These allow one to non-destructively iterate over the set or clear bits
in a bitset. The motivation is that we have several code fragments
which iterate over a CPU set like this:
```
while ((cpu = CPU_FFS(&cpus)) != 0) {
cpu--;
CPU_CLR(cpu, &cpus);
<do something>;
}
```
This is slow because CPU_FFS begins the search at the beginning of the
bitset each time. On amd64 and arm64, CPU sets have size 256, so there
are four legs in the bitset and we do a lot of unnecessary scanning.
A second problem is that this is destructive, so code which needs to
preserve the original set has to make a copy. In particular, we have
quite a few functions which take a cpuset_t parameter by value, meaning
that each call has to copy the 32 byte cpuset_t.

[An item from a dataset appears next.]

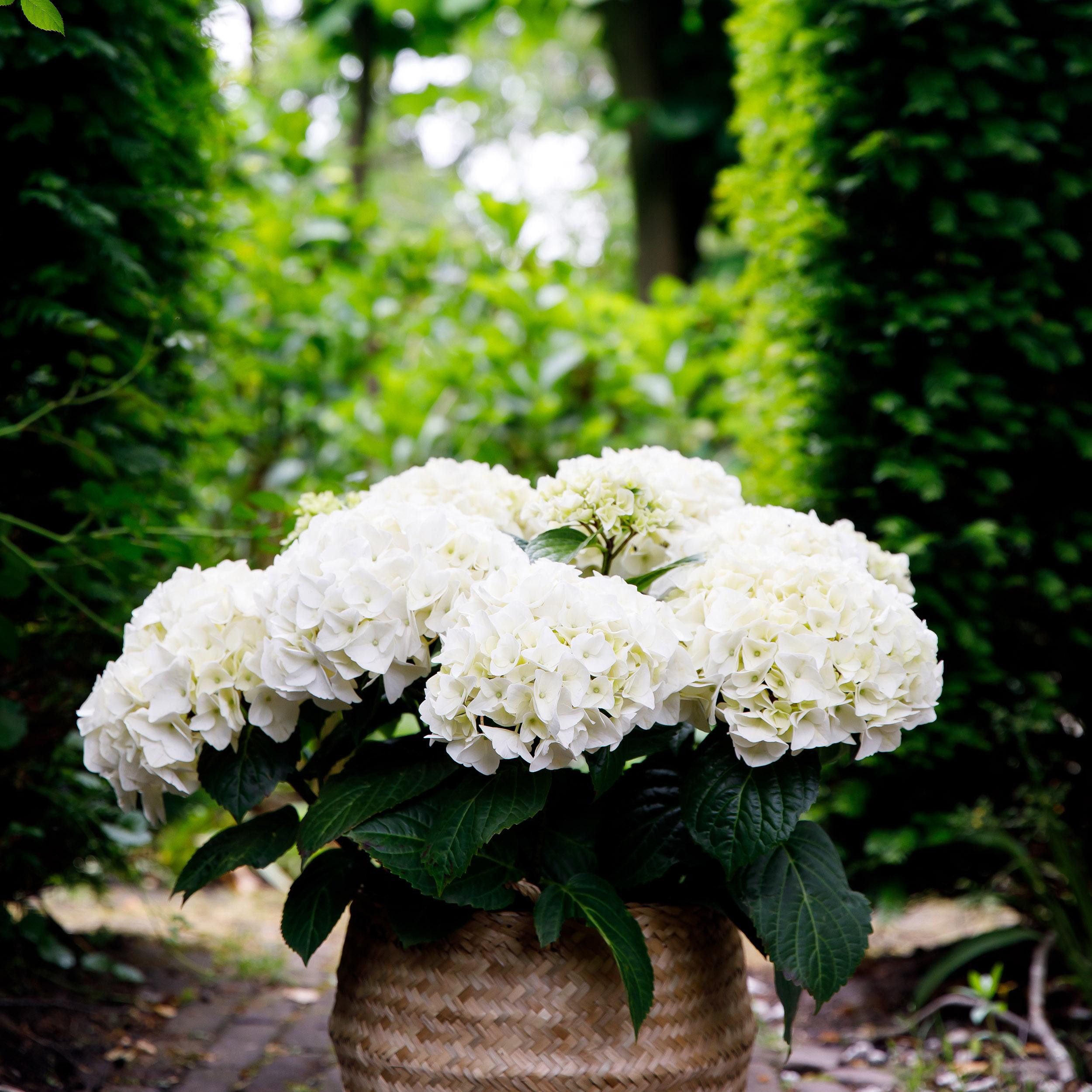 Exotenherz Beetpflanze Hortensia - Hydrangea Forever & Ever Weiß - 7-12 Blühten - 23cm Topf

An alternate implementation would be something like this:
```
for (i = 0; i < BITSET_SIZE; i++)
if (BIT_ISSET(i, bitset))
<do something>;
```
Some benchmarking on a new-ish i7 CPU and on a Haswell Xeon indicates
that this alternate implementation is much slower, though. I tried
several microbenchmarks which iterate over a set and store a value to
memory in the loop body. When the set is zero-filled, BIT_FOREACH_SET
is at least an order of magnitude faster; when it is all-ones
BIT_FOREACH_SET is about twice as fast; when it is filled with random
bytes BIT_FOREACH_SET is 5-6x faster. The destructive loop is even
worse than the other two on this hardware.
I get similar results on an EC2 Graviton (arm64) instance, but the
differences are even more pronounced.